The whimsical mix of avant-garde pop and playful electronic listening music should not be confused with it being frivolous or lightweight, however, as McIlwain’s ingenious, hyper-modern sound design and arrangements are still present in spades.
It’s been four years since Jeff McIlwain’s last album The Waiting Room, but the long overdue appointment has finally been met with his latest for Ghostly International. Like its predecessors, Sensorimotor contains his typically quirky mix of spliced and treated vocal tracks, instrumental interludes and interconnecting pieces, but where The Waiting Room took Lusine in a warm, club-friendly direction, this feels a little more varied and experimental.
The whimsical mix of avant-garde pop and playful electronic listening music should not be confused with it being frivolous or lightweight, however, as McIlwain’s ingenious, hyper-modern sound design and arrangements are still present in spades. There’s a keen focus on juxtaposition, for example, heard in the child-like music-box tinkle of “Canopy” that is then subsumed in dub-step aggressive, hyper-filtered synths.

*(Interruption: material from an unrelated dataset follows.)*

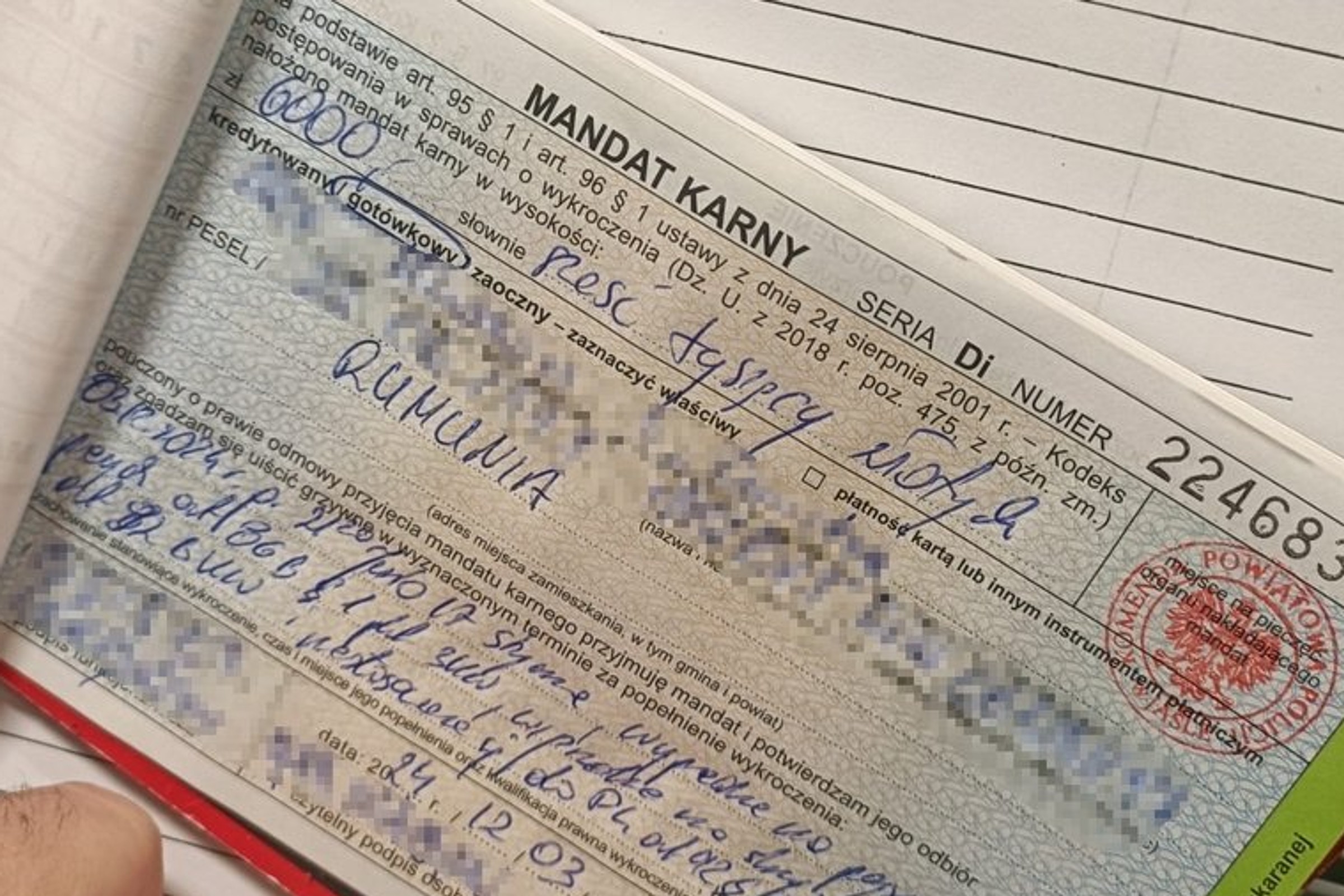 Sprawdź, ile zapłacisz za wykroczenia drogowe. Nie zawsze trzeba przekroczyć prędkość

Unfortunately this mix doesn’t always work as well as it should this time around, and it’s often down to an element that’s usually sensitively treated by McIlwain – the vocals. Like the ill-advised cover version of Electronic’s “Get The Message” on The Waiting Room, the heavy filtering of Jeff and Sarah McIlwain’s on “Ticking Hands” don’t do enough to counteract the negative impact their rather trad vocal delivery has on the meticulously produced underlying musical elements.
Nor are the melodies quite as strong on Sensorimotor either, as heard on the rather hollow “Just A Cloud” featuring long-time collaborator Vilja Larjosto on vocals, but when both they and the vocal treatments do work, they absolutely soar. Take an album highlight like “Witness” as an example. Benoit Pioulard at first croons over the pulsing synths and crackles and then gets fed to the arpeggio gods as his voice is chopped to pieces in a dizzying flurry of indecipherable intonations and jingling bells.
Contrary to previous efforts it’s largely the instrumental pieces on Sensorimotor that stand out. “The Level” bubbles, clatters bounces along with an elasticated, Plaid-like spring in its step, but the album finally hits its stride in the final three tracks. The motorik, toe-tapping beats in the slow-burning builder “Flyway” are insistent and propulsive, its success aptly coined by McIlwain’s reference to the hypnotic patterns through which birds are able to so fluidly move in flocks.
The sudden and visceral intrusion of the grimy, monochrome Radiophonic Workshop growl of “Tropopause”‘s maximal ambience is the one track that feels like it could have inspired that otherwise inexplicably out of place sleeve artwork, and Sensorimotor then culminates in the movie chase-scene grandiosity of “The Lift.”
Sensorimotor is available on Ghostly International.